Ukrainian President Volodymyr Zelensky.
Ukrainian President Volodymyr Zelensky.Photo: Saeima, CC BY-SA 4.0 , via Wikimedia Commons

Those votes will help shape the country’s postwar reconstruction, its relations with allies, and its drive to join the European Union..

Calls for elections are coming from very different directions. Western partners continue to stress the importance of elections in a democracy, while Russia argues that Ukraine’s current leadership lacks legitimacy because regular electoral timetables have passed.

But the practical barriers remain overwhelming. Forced to defend itself from Russian attacks, Ukraine cannot hold normal national elections, and the conditions needed for a free and secure vote do not yet exist, the PAP news agency said in its analysis piece.

The problem is legal, technical and physical. Organizing polling stations across a country under attack would be extraordinarily difficult. So would running a normal campaign, protecting voters from air strikes, and ensuring access to the ballot for soldiers serving on the front line and for people displaced by the war.

“I do not currently see any technical possibility of holding elections in Ukraine,” said Viktor Byshchuk, a journalist with the Pershyi Zakhidnyi television channel in Lviv.

He said the issue is not simply passing a law, but making it possible in practice to operate polling places, run a campaign, and allow soldiers and displaced people to vote.

A further obstacle is the large number of Ukrainian citizens living abroad, including both labor migrants and war refugees, who still have the right to vote. Ukraine’s diplomatic and consular network would struggle to handle overseas voting on the scale required.

The safety issue also affects the media, whose work will be essential whenever Ukraine is finally able to vote.

Democratic elections depend on voters having access to reliable information, yet journalists across Ukraine are already working under conditions of constant danger.

The National Union of Journalists of Ukraine has reported that recent Russian drone attacks hit media workers and damaged homes, offices and news operations in several cities, including Lviv.

Union head Sergiy Tomilenko said such attacks are part of a broader Russian effort to damage society’s ability to document events and preserve evidence of the war.

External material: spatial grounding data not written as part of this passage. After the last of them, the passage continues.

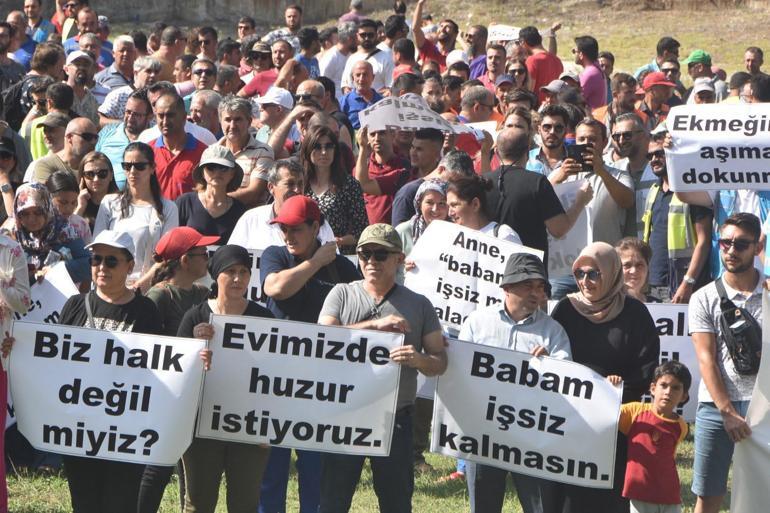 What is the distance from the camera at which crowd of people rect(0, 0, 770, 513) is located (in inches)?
304

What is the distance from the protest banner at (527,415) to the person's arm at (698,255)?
308 centimetres

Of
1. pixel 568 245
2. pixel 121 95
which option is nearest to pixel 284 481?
pixel 568 245

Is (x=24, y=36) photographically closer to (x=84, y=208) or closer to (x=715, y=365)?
(x=84, y=208)

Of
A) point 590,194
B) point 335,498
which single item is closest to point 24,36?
point 590,194

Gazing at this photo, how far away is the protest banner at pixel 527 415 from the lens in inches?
299

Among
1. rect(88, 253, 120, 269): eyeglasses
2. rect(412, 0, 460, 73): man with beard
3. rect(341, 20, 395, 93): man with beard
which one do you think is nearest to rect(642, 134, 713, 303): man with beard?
rect(88, 253, 120, 269): eyeglasses

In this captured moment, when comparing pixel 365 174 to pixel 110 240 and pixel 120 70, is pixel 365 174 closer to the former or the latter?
pixel 110 240

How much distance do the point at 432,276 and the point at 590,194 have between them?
1693 millimetres

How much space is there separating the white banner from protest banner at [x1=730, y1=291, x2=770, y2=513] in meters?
4.26

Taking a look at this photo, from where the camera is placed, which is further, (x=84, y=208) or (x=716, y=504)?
(x=84, y=208)

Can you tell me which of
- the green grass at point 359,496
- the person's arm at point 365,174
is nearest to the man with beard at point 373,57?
the person's arm at point 365,174

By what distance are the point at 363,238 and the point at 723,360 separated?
7.21ft

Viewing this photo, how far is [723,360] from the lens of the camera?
805cm

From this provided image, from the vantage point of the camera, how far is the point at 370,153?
460 inches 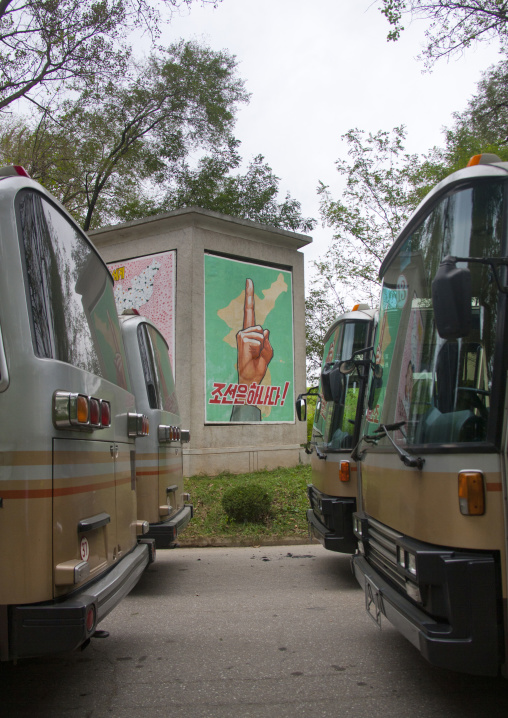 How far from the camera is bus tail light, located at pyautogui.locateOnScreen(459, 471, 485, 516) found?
9.21ft

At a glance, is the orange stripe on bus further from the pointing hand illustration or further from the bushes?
the pointing hand illustration

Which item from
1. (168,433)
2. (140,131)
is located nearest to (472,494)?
(168,433)

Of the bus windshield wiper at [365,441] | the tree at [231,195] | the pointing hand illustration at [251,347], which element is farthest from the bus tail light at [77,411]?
the tree at [231,195]

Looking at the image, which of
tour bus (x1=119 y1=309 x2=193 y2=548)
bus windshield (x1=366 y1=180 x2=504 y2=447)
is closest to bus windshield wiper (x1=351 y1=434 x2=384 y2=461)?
bus windshield (x1=366 y1=180 x2=504 y2=447)

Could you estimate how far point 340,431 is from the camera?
6586 mm

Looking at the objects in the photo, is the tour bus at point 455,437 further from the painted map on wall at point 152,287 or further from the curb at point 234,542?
the painted map on wall at point 152,287

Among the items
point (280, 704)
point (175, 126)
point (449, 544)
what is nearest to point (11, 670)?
point (280, 704)

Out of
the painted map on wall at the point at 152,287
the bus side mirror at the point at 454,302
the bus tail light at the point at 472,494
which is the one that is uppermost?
the painted map on wall at the point at 152,287

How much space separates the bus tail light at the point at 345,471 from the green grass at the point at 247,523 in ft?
11.9

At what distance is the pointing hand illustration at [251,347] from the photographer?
14.6 m

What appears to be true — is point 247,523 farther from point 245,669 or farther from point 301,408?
point 245,669

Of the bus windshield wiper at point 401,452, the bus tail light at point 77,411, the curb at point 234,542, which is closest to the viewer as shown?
the bus tail light at point 77,411

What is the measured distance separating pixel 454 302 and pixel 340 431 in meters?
3.91

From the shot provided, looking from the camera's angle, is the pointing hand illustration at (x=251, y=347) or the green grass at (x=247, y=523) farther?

Wasyl Hulaj, head of the Department of International Information at Lviv Polytechnic, said most experts outside Russia agree that full-scale elections cannot be held while the country remains under continuing Russian attack.

Even so, he said, most political forces are already preparing for both presidential and parliamentary campaigns.

One of the biggest unanswered questions is whether President Volodymyr Zelensky, in office since 2019, will run again. If he does not, attention is likely to turn to possible candidates linked to the presidential camp.

Among the names being discussed are Kyrylo Budanov, head of Zelensky's office and formerly the chief of military intelligence, and Gen. Valerii Zaluzhnyi, the former commander-in-chief of Ukraine's military who now serves as ambassador to the United Kingdom.

Recent polling suggests that, if a presidential election were held now, Zelensky would remain the front-runner, though with no overwhelming lead.

The same survey points to strong support for possible future political forces linked to Zaluzhnyi and Budanov, even though neither party has been formally created.

Analysts also expect the next parliament, the Verkhovna Rada, Ukraine’s legislature, to be highly fragmented. Established parties such as Servant of the People, European Solidarity, Batkivshchyna, and UDAR may remain present, but with modest support.

That would likely mean coalition governments and a more unstable political landscape.

Veterans of the war are expected to play a major role in the next campaign, and arguments over military decisions, especially from the first phase of the 2022 invasion, could become a major line of political attack.

Some observers also believe debate may grow over whether any future peace deal with Russia should be put to a referendum.

That makes the timing and shape of the next elections more than a domestic political issue.

They are likely to influence how effectively Ukraine rebuilds after the war, how steadily it works with foreign partners, and how firmly it stays on its European course.